# Baby sweep stake



## Lottierachel (Mar 3, 2013)

5 weeks to go until baby's due date!! He is due on the 15th of October - thought it might be a bit of fun to have an ILMC sweep stake, with guesses of his actual birth date and weight.

Here is how baby bump has been growing over the last few weeks


He's even bigger now as the last photo was taken a week ago.

So what do you reckon? How late will he be? How big will he be (if anyone predicts over 10lb, they will be very unpopular!) - maybe even a name prediction if you're feeling brave!

As always, feel free to look (or not - I don't want to bore anyone!) at my baby blog http://bisforbaby2014.blogspot.com. I don't share any baby stuff on Facebook, so it's nice to share with my ILMC buddies


----------



## Tinman (Apr 23, 2013)

You look gorgeous - that's a lovely bump!! 
Haha - I'll find my pic & repost it
I think in week 32 you look bigger than week 34?
Maybe baby has turned and gone into your back?? X


----------



## Lottierachel (Mar 3, 2013)

Tinman said:


> You look gorgeous - that's a lovely bump!!
> Haha - I'll find my pic & repost it
> I think in week 32 you look bigger than week 34?
> Maybe baby has turned and gone into your back?? X


Are you some kind of secret midwife??! That is exactly what baby decided to do  

I think at 32 weeks he had dropped down, then decided to come back up and flip back to back as that's the position he was in at my midwife appointment last week. I haven't sat on the sofa since last Thursday and am spending every spare moment on my hands and knees. Must get back back round to the front!!


----------



## Marzi (Sep 17, 2012)

Back to back is not friendly - both my boys did this to me... Try spending a lot of time on all fours, apparently it helps them rotate - although neither of mine were that obliging 
Still eventually they do come out and you do get your body back and a lot of us go on to have more than one, so it can't be that bad 

I'm going 21st October and 7lbs 11oz


----------



## Tinman (Apr 23, 2013)

Lottierachel said:


> Are you some kind of secret midwife??! That is exactly what baby decided to do
> 
> I think at 32 weeks he had dropped down, then decided to come back up and flip back to back as that's the position he was in at my midwife appointment last week. I haven't sat on the sofa since last Thursday and am spending every spare moment on my hands and knees. Must get back back round to the front!!

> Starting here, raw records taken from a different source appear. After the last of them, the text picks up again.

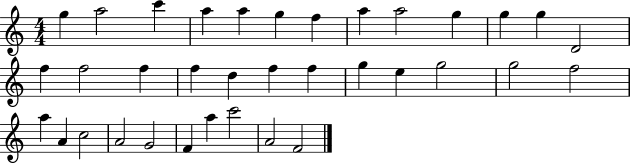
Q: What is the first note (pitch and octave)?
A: G5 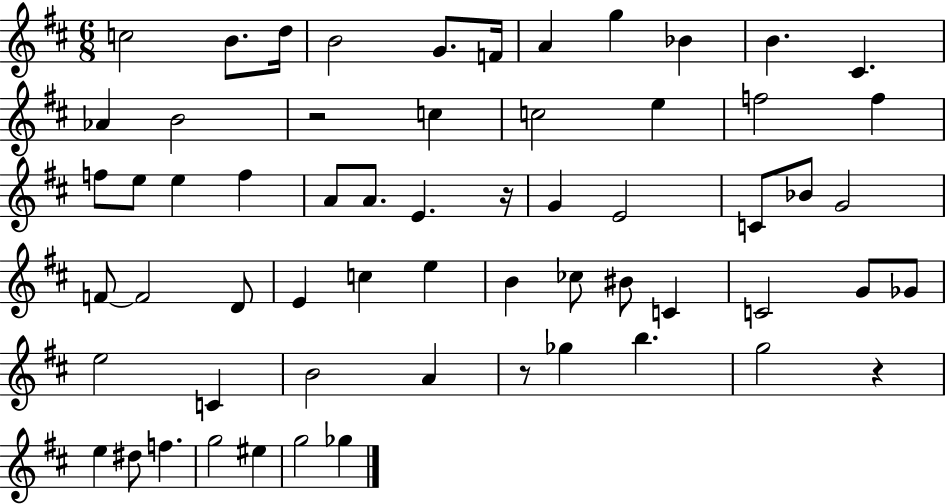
C5/h B4/e. D5/s B4/h G4/e. F4/s A4/q G5/q Bb4/q B4/q. C#4/q. Ab4/q B4/h R/h C5/q C5/h E5/q F5/h F5/q F5/e E5/e E5/q F5/q A4/e A4/e. E4/q. R/s G4/q E4/h C4/e Bb4/e G4/h F4/e F4/h D4/e E4/q C5/q E5/q B4/q CES5/e BIS4/e C4/q C4/h G4/e Gb4/e E5/h C4/q B4/h A4/q R/e Gb5/q B5/q. G5/h R/q E5/q D#5/e F5/q. G5/h EIS5/q G5/h Gb5/q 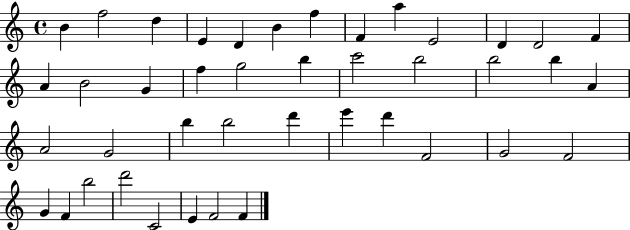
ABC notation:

X:1
T:Untitled
M:4/4
L:1/4
K:C
B f2 d E D B f F a E2 D D2 F A B2 G f g2 b c'2 b2 b2 b A A2 G2 b b2 d' e' d' F2 G2 F2 G F b2 d'2 C2 E F2 F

Ha - no secret midwife psychics here!
I would like to say 31st October- But that's 16 days over and I think they only let you go 10...... I say the 31st as that's my birthday and halloween!! 
I will say 21st & 7llb 7oz
Albie is my favourite name.........

I bet Tilly is loving you been on all fours and you've been getting lots of face licks!!  xx


----------



## Lindor (Feb 3, 2014)

October 19. 7lbs 8oz


----------



## Cat 53 (Aug 26, 2012)

Go have some Bowen. Babies often put themselves in the correct position after a Bowen session. Think it's because it helps everything relax.  

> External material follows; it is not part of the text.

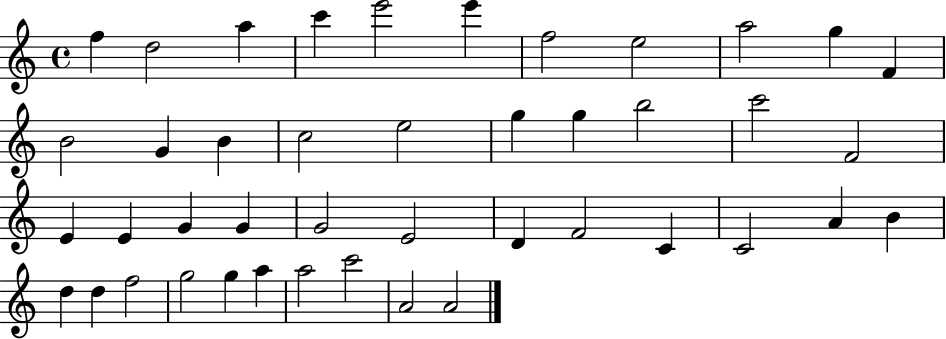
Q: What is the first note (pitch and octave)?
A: F5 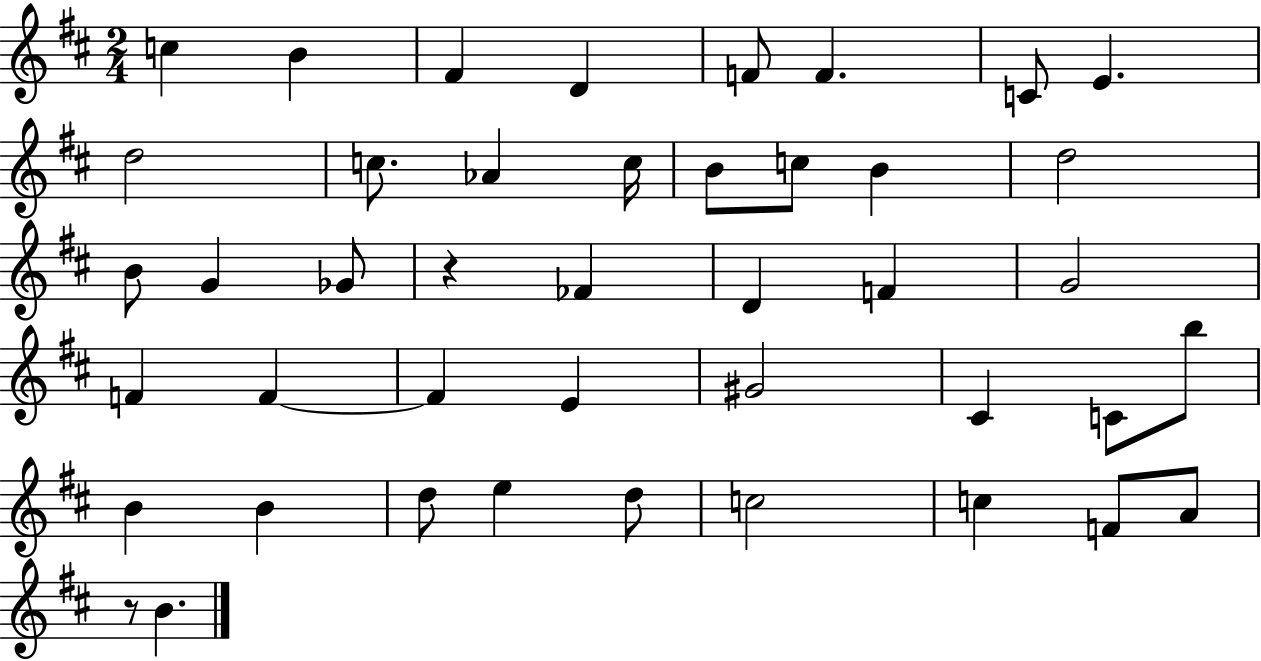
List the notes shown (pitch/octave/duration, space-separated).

C5/q B4/q F#4/q D4/q F4/e F4/q. C4/e E4/q. D5/h C5/e. Ab4/q C5/s B4/e C5/e B4/q D5/h B4/e G4/q Gb4/e R/q FES4/q D4/q F4/q G4/h F4/q F4/q F4/q E4/q G#4/h C#4/q C4/e B5/e B4/q B4/q D5/e E5/q D5/e C5/h C5/q F4/e A4/e R/e B4/q.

6lbs 8oz and October 25. &#55357;&#56835;


----------



## RuthMill (Jun 30, 2012)

Positive thoughts for a turning baby! Come on little man - turn around before you run out of space. 

I say 16th October and 8lb 2oz!


----------



## PoppyLove (May 26, 2014)

You do have the neatest of bumps. 

I think Oct 16th, 7lbs 12ozs


----------



## Tinman (Apr 23, 2013)

Mmmmm here it is again!!
The size of that bump you'd think he came out age 5!!


----------



## RuthMill (Jun 30, 2012)

Tinman said:


> Mmmmm here it is again!!
> The size of that bump you'd think he came out age 5!!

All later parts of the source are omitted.